Avec Chanson du roseau rouge (Red Reed Song, ci-dessous) à l’affiche, pas question de résister au plaisir de retourner au centre Keramis à La Louvière. L’exposition Vibrations de la terre de Bai Ming, peintre et maître de la céramique chinoise, permet de faire connaissance avec un artiste qui réconcilie la haute tradition de la porcelaine chinoise et la création contemporaine – du grand art.
© Bai Ming, Red Reed Song, porcelaine, H. 61 cm, 2011
Dans la salle des fours bouteilles, au rez-de-chaussée, une vidéo le montre traçant au pinceau, d’une main sûre, une ligne sans fin sur un vase (que nous verrons dans la première salle d’exposition en haut), puis y ajouter en rythme de petites touches : sobriété, équilibre, harmonie, ce seront les mots qui me viendront à l’esprit en admirant ses superbes vases.
© Bai Ming (source : La Libre)
L’artiste, né en 1965 à Yugan, à une centaine de kilomètres de Jingdezshen, capitale de la porcelaine, souffrait à six ans de tuberculose ganglionnaire.

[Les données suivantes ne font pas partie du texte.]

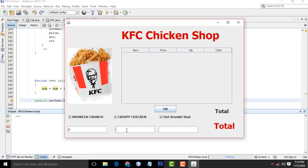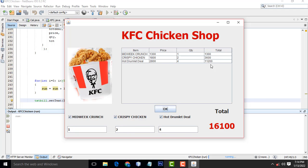Again we execute and check — select item one, item two, item three, enter quantities, click OK. It calculates and displays the total. Very simple. I hope you guys understood the things well. If you have any doubt you can let me know. Thank you so much.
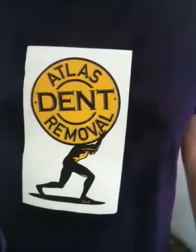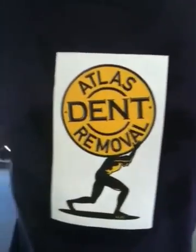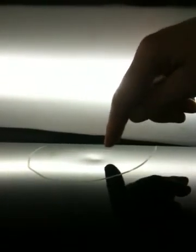Hello, this is Lincoln with Atlas Dent Removal. We're working on a 2010 Saturn View on a golf ball sized dent on the hood.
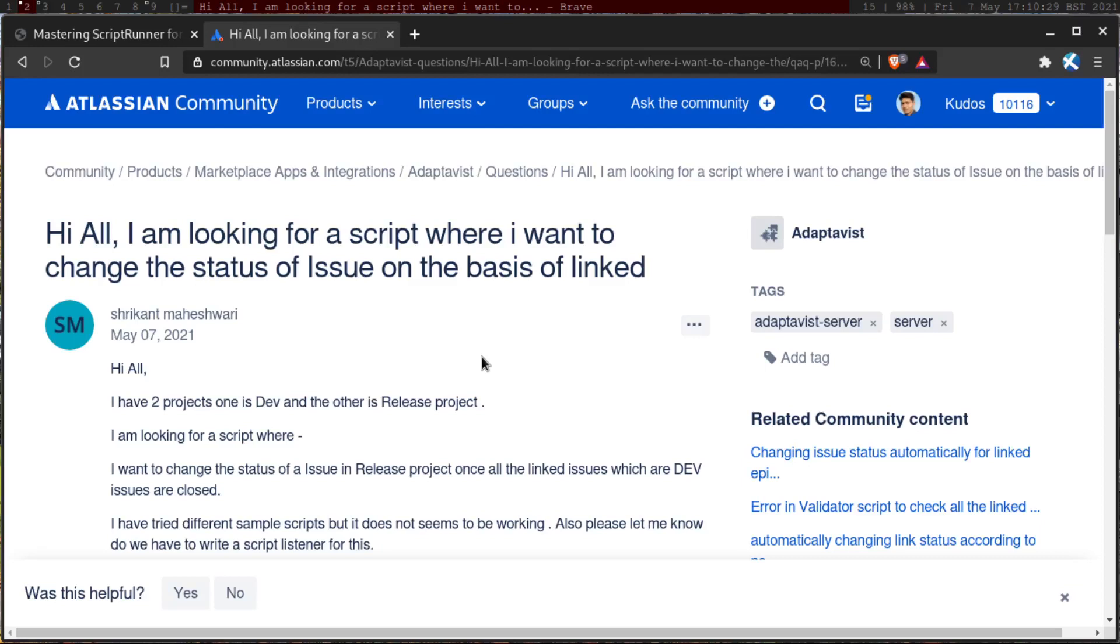So today, let's talk about ScriptRunner for Jira. I'm making a video on ScriptRunner for Jira after quite a while, I think it's been a few weeks. And I'm looking at this question today from Shrikant Maheshwari. Shrikant is asking about this interesting use case where he's looking for a script where he wants to change the status of the linked issues.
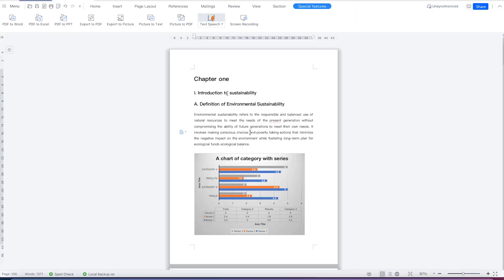This concludes the entire section on how to use the document features within WPS Office Suite. In our next section we are going to look at presentations — how to make stunning PowerPoint presentations and key details on how to make your presentation appear professional. Thank you so much for watching, and I look forward to seeing you in the next section. Bye!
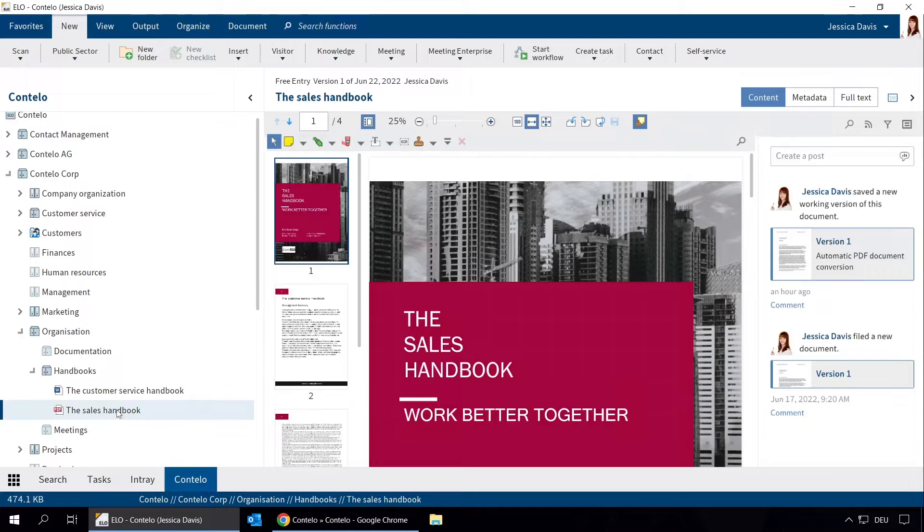To do this, we go to the New menu and select Create task and then Ad-hoc workflow.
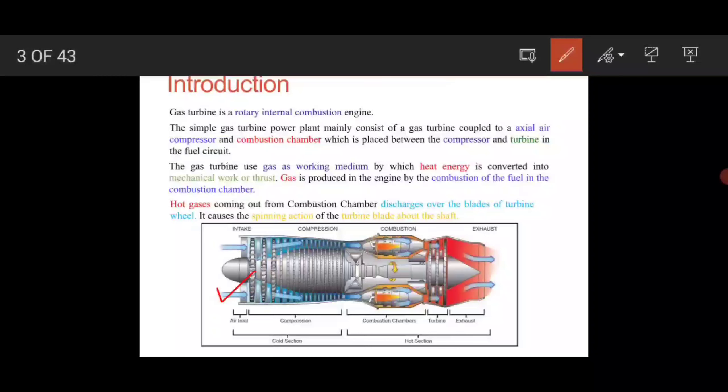The function of the compressor is to compress the flow at the required compression ratio. We don't randomly compress — if our required compression ratio is 6:1, we operate the compressor up to 6:1. That compressed air is then sent into the combustion chamber. The function of the combustion chamber is to raise the temperature to the required level.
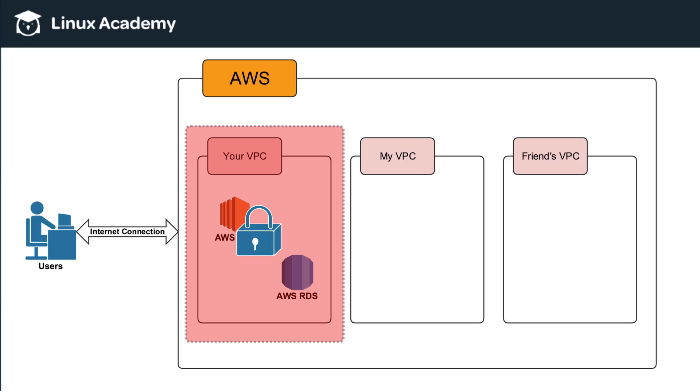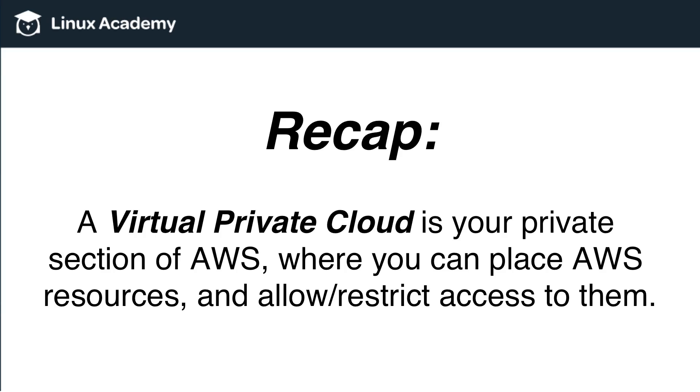So again, this is extremely high level, but all I want you to understand about VPCs is that it is your section of AWS that you can put your own resources in and either allow or restrict access. Okay, so let's just recap on that again. A virtual private cloud is your private section of AWS where you can place AWS resources and allow or restrict access to them.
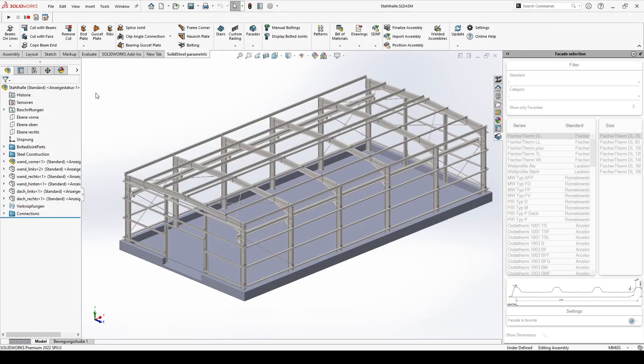Hello and welcome to a new SolidSteel Parametric for SOLIDWORKS video. Unlike most of our videos, today we are not focusing on the structure, but on the facade.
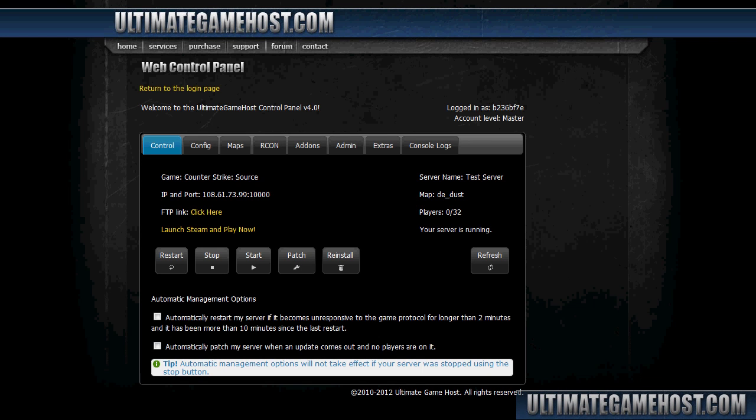All right, hello, welcome to another Ultimate Game Host video tutorial. Today we're going to look at setting up SQL admins for Source Mod using the control panel's new extra feature, the MySQL database, and the Source Mod add-on.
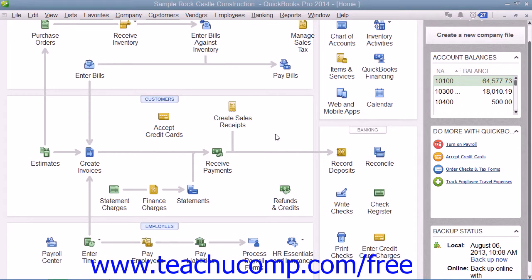QuickBooks maintains a list of all of the items that affect payroll amounts, including payroll expenses, within the payroll item list. There are payroll items for compensation, taxes, and other additions and deductions, as well as employer paid expenses. QuickBooks uses payroll items to track individual amounts on a paycheck and accumulated year-to-date wage and tax amounts for each employee.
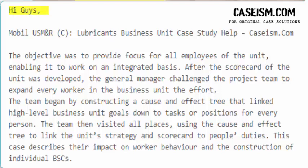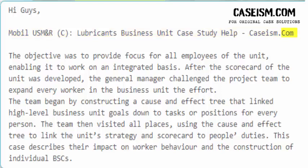Hi guys! MobileUSM&RC Lubricants Business Unit Case Study. The objective was to provide focus for all employees of the unit, enabling it to work on an integrated basis.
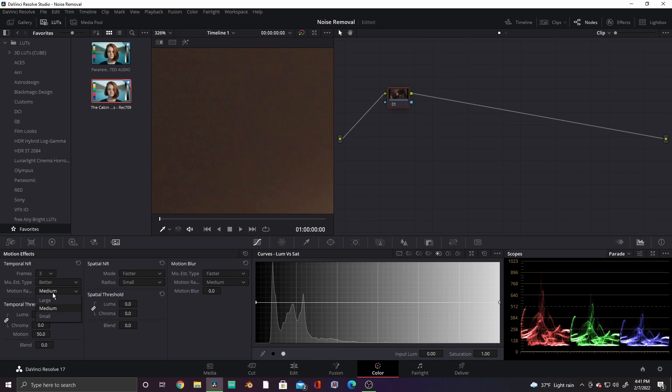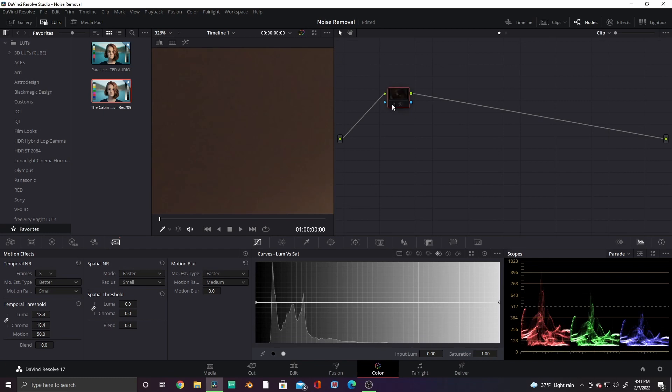There's not a ton of motion in this shot, so I'll set the Motion Range to Low. Now under Temporal Threshold, bring up the Luma and Chroma to whatever looks best. This would typically be around 15-20. You can go higher, but it may cause some softness in your overall footage.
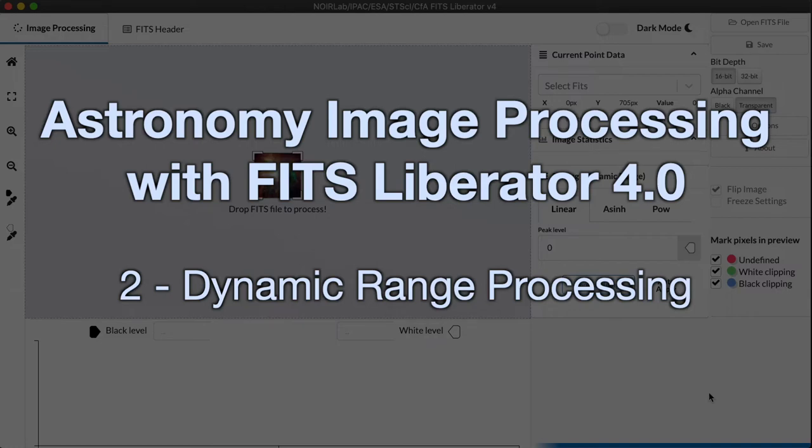Hi, I'm Robert Hurt, and I'm an astronomer and visualization specialist at Caltech IPAC.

Pour compenser, il a lu des classiques chinois. Ses parents souhaitaient qu’il entreprenne des études littéraires, mais lui voulait suivre des cours de peinture. Echouant à l’entrée de l’université, il est admis à l’Académie centrale d’art et de design, spécialité en arts céramiques. Il deviendra professeur, puis directeur du département de céramique, tout en continuant à peindre.
© Bai Ming, Speech of Objects : Memories of the Mountains, 1995, Mixed media, 220 x 140 cm
A l’entrée de la salle, Bai Ming expose d’abord un diptyque, Souvenirs des montagnes (Speech of Objects : Memories of the Mountains) : des couleurs de terre comme fumées, des parties lisses et d’autres en relief. Devant une fenêtre, je m’approche de ce que je prends pour un fragment de roche avant d’apercevoir une partie couverte d’émail céladon. C’est de la porcelaine, d’une série Paysage et Temps.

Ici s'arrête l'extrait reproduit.